Eager reader of history, mystery, classics, biographies, steampunk, lit fic, science, scifi, and etc. My reviews are mostly positive--I rarely finish or write about books I don't enjoy. My TBR is too high for that.

La Seduction: How the French Play the Game of Life

La Seduction: How the French Play the Game of Life - Elaine Sciolino In France children play a board game, Loto des Odeurs, to help them develop and refine their sense of smell. The French believe in the right to pleasure so they are highly tolerant of other people’s private lives and do not enjoy ugly revelations. Investigative style journalism is rare. The concept of sexual sin and Bible toting politicians don’t exist. French workers hoping to get a job in the public sector, a low-level ticket agent for example, are expected to answer literary questions about the 1678 novel La Princesse de Clèves on their application exams. Though it has nothing to do with ticket taking or any other civil servant job, this romantic novel is so widely loved in France that business-minded president Nicolas Sarkozy created a national uprising when he tried to have the Princesse questions removed from the test.

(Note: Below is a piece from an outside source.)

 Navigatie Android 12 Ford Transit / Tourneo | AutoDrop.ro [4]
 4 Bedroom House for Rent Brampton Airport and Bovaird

These are just some of the differences between the American and French ways of living, loving and seeing the world that New York Times reporter Elaine Sciolino covers in this humorous but insightful and informative book.In recent days Sciolino has been writing in the New York Times about former IMF chief Dominique Strauss-Kahn’s arrest on sexual assault charges, and he makes an earlier appearance in this book as a well-known womanizer who was nevertheless on track to be a presidential candidate in the next election. Sciolino organizes her book around the idea of seduction, a concept everyone in France seems to have strong and positive ideas about. A belief in the power of seduction explains why the French loved Benjamin Franklin but not John Adams, why the French tried to rule their former colonies by persuasion rather than brute force and why Woody Allen and his films are so popular in France. (If his new movie Midnight in Paris is any indication Allen loves France as much as the French love him.)If you are going to France this book may help you enjoy your visit more. If, like me, you can’t get away right now reading La Seduction will at least give you a window into that fascinating country.